Required action ▸ Please copy exactly the part of the records below that opens with the line containing "this 144×108 image." and closes with the line containing "this 400×600 image.", leaving out any pictures.

Data to process ▸
++++++

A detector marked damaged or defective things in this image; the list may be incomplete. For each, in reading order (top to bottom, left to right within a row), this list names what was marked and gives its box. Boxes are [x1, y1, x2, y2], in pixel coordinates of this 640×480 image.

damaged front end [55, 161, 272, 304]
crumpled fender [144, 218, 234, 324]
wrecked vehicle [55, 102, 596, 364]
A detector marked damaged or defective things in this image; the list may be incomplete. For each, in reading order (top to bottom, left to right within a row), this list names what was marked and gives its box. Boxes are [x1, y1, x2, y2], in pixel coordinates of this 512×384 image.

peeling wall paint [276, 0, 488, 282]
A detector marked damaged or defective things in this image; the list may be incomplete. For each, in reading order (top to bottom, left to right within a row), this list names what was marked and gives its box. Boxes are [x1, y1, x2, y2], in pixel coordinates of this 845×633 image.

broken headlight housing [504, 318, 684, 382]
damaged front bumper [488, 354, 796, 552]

++++++

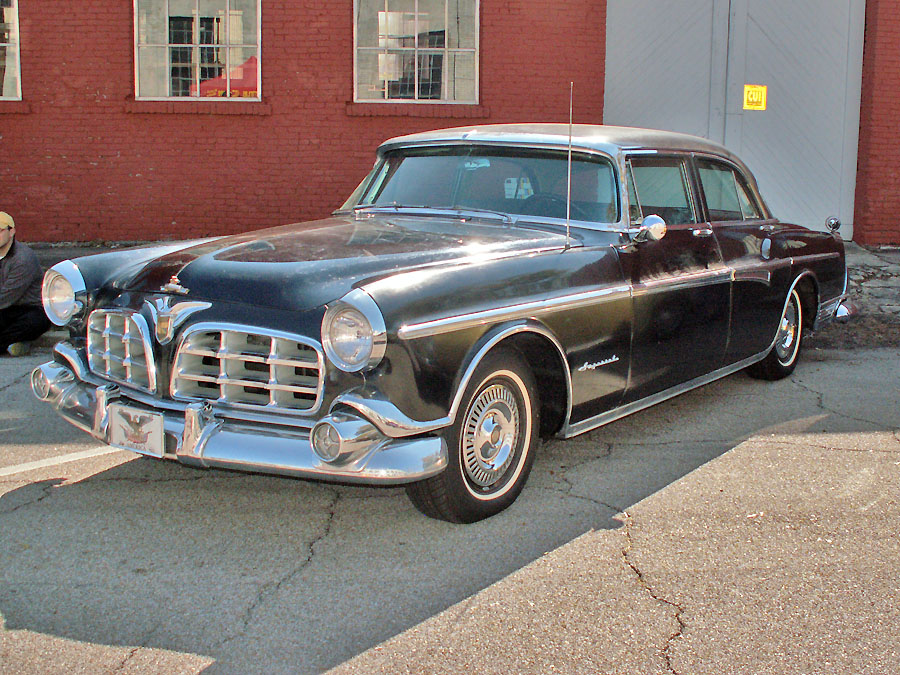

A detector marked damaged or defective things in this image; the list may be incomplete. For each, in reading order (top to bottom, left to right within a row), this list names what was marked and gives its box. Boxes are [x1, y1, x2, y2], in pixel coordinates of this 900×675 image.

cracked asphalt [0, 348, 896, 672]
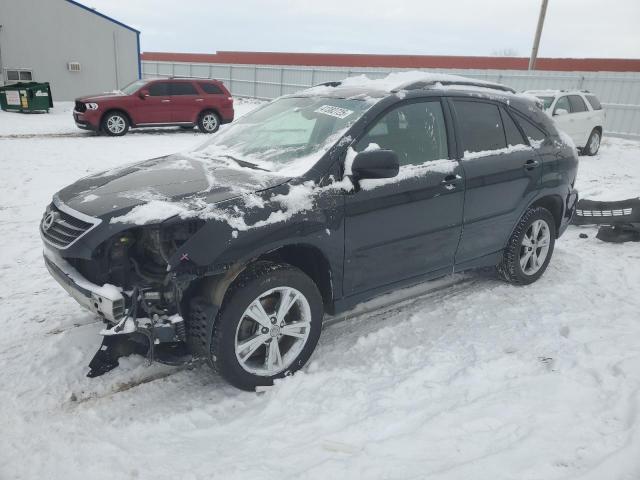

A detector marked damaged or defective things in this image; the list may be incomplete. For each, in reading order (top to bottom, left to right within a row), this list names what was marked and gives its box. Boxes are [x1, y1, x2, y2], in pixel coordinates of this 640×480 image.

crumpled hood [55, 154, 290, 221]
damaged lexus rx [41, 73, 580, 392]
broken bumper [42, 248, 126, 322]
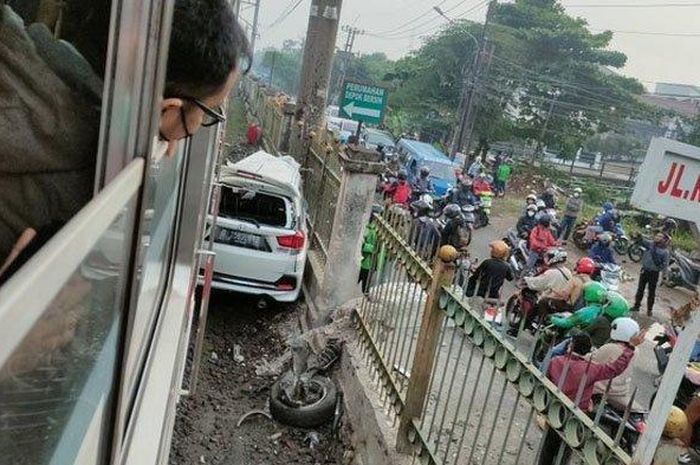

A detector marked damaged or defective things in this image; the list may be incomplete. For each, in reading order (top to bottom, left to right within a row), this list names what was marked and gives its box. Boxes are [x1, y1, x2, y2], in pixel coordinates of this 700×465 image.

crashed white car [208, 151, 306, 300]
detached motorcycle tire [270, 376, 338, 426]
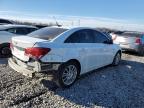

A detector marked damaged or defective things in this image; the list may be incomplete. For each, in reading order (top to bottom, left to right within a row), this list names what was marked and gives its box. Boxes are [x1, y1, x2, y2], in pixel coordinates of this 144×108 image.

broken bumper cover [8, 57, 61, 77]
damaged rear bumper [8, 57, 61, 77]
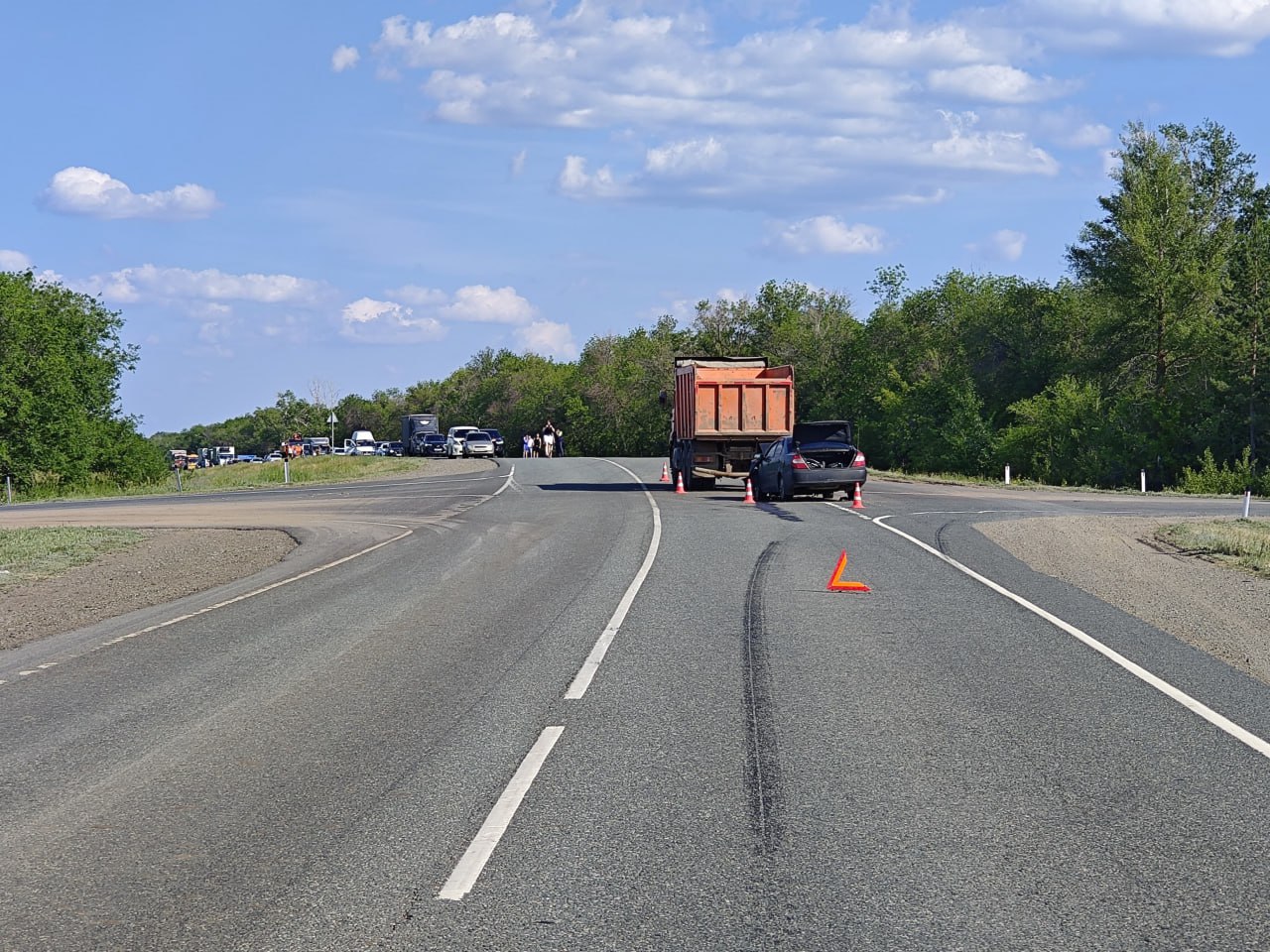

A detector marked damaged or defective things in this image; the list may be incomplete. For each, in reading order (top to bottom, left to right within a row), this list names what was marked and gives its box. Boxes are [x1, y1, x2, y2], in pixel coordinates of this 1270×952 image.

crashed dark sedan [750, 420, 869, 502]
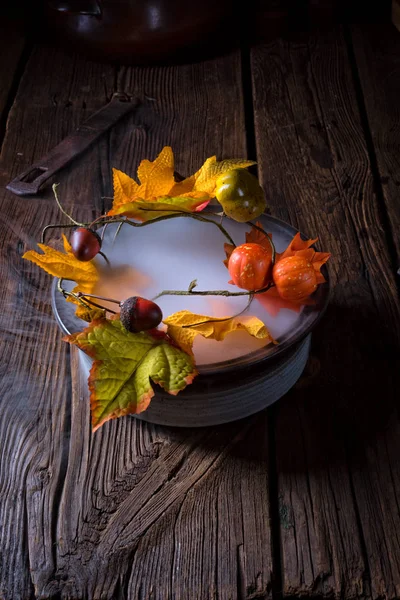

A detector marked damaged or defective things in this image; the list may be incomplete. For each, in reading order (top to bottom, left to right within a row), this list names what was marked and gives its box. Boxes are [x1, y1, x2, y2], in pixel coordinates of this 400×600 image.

++++++

Reply to the exercise ▸
A detector marked damaged or defective things in this image; the list may be incomplete. For each, in reading order (top to bottom, left to right within a row), this list names what was marked and gives its box. Boxes are [x1, y1, x2, y2], in pixel coordinates of this 144×108 image.

broken bumper cover [8, 57, 61, 77]
damaged rear bumper [8, 57, 61, 77]

A detector marked damaged or defective things in this image; the list may be incomplete. For each, in reading order (top to bottom, left to right within a row), this list names what was marked and gives its box. Boxes are [x1, y1, x2, y2], in pixel coordinates of this 1270×952 image.

crashed dark sedan [750, 420, 869, 502]

A detector marked damaged or defective things in this image; the list may be incomplete. For each, in reading order (top to bottom, left to right within a row), this list names what was marked and gives its box. Boxes are [x1, y1, x2, y2], in pixel coordinates of this 400×600 image.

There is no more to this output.